INFORMATION:

'''

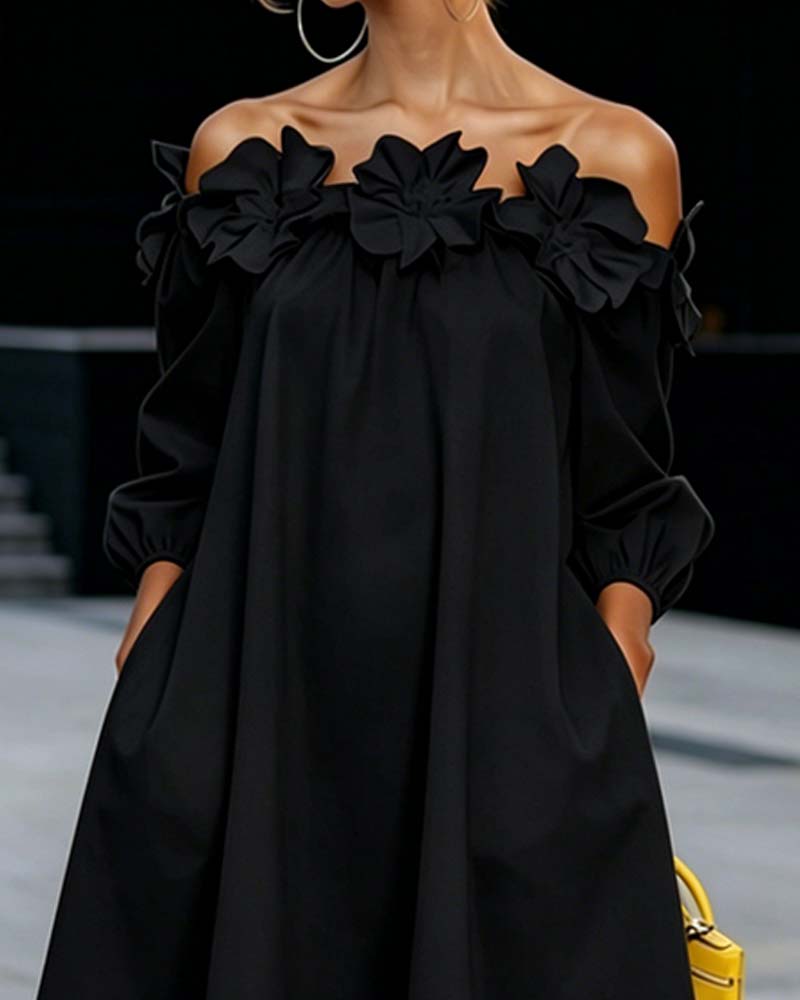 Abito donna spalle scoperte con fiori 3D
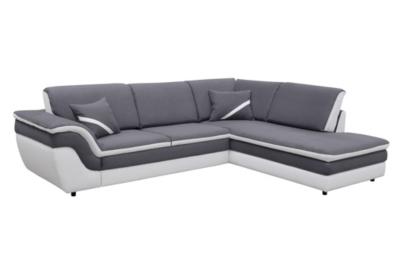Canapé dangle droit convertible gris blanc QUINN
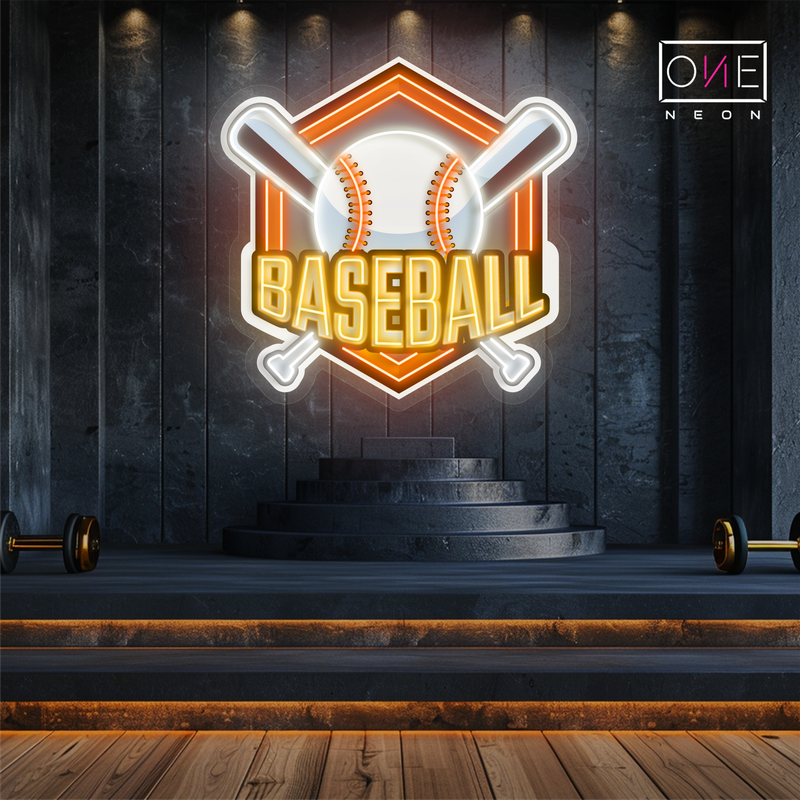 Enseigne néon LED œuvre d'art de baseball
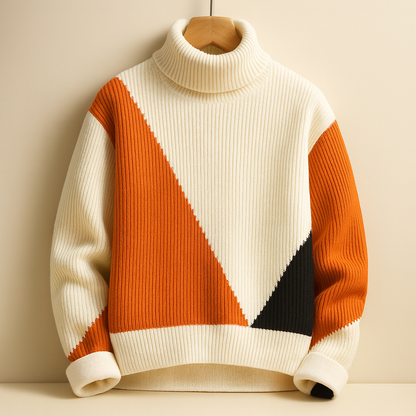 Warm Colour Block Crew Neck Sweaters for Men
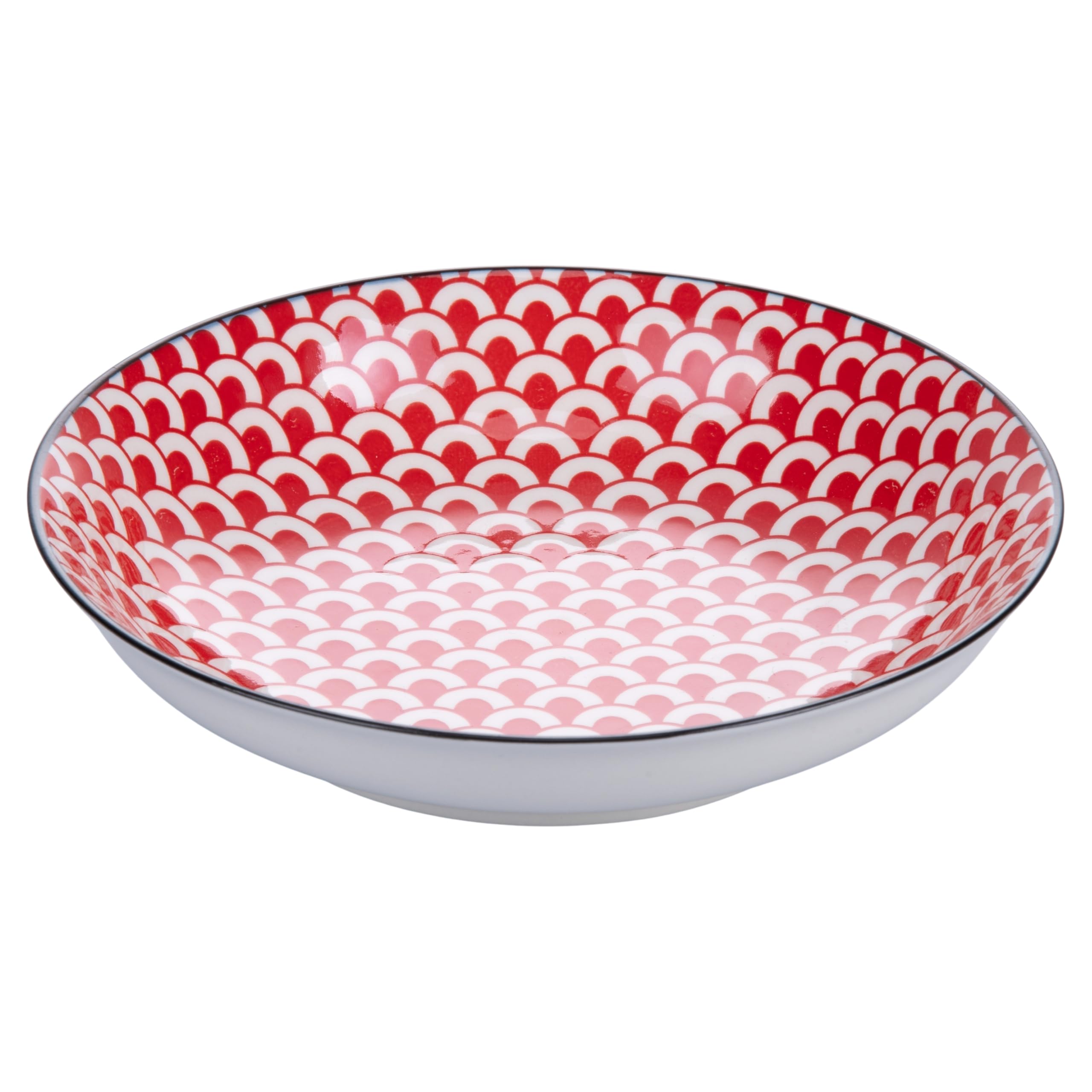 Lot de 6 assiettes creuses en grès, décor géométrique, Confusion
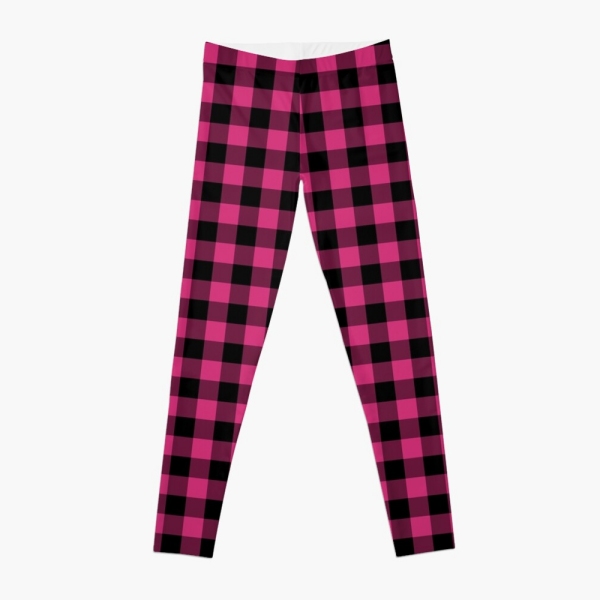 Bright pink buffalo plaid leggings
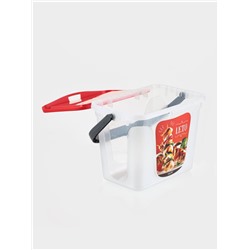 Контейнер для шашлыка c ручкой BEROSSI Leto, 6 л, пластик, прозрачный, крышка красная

'''
'''

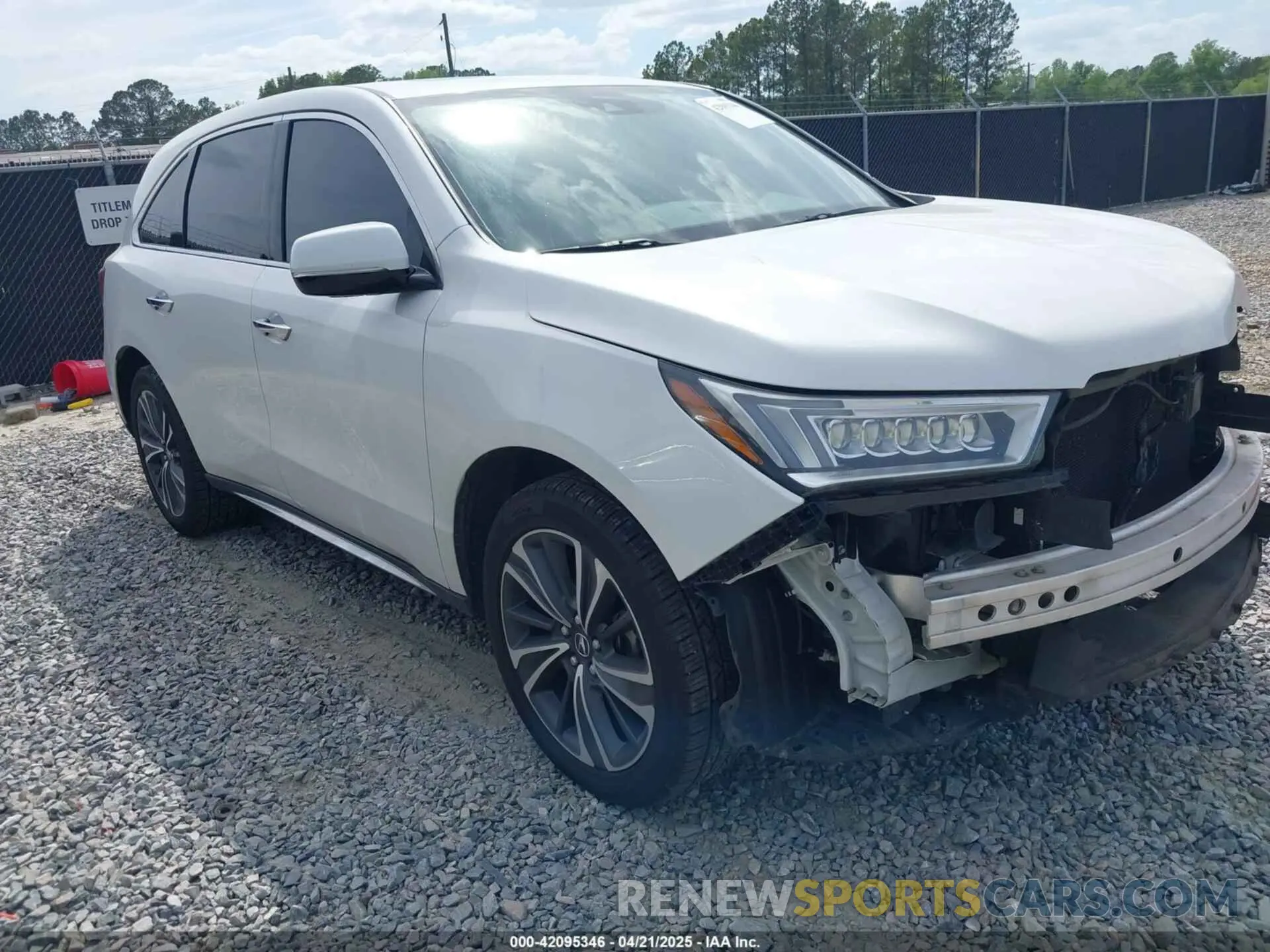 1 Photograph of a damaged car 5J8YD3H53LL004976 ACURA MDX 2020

'''

WHAT THIS TASK INVOLVES:
In the listing above, find the line with "Abito donna spalle scoperte con fiori 3D" and output it and every line after it up to and including the line with "Контейнер для шашлыка", exactly, minus the pictures.

EXERCISE RESPONSE:
 Abito donna spalle scoperte con fiori 3D
Canapé dangle droit convertible gris blanc QUINN
 Enseigne néon LED œuvre d'art de baseball
 Warm Colour Block Crew Neck Sweaters for Men
 Lot de 6 assiettes creuses en grès, décor géométrique, Confusion
 Bright pink buffalo plaid leggings
 Контейнер для шашлыка c ручкой BEROSSI Leto, 6 л, пластик, прозрачный, крышка красная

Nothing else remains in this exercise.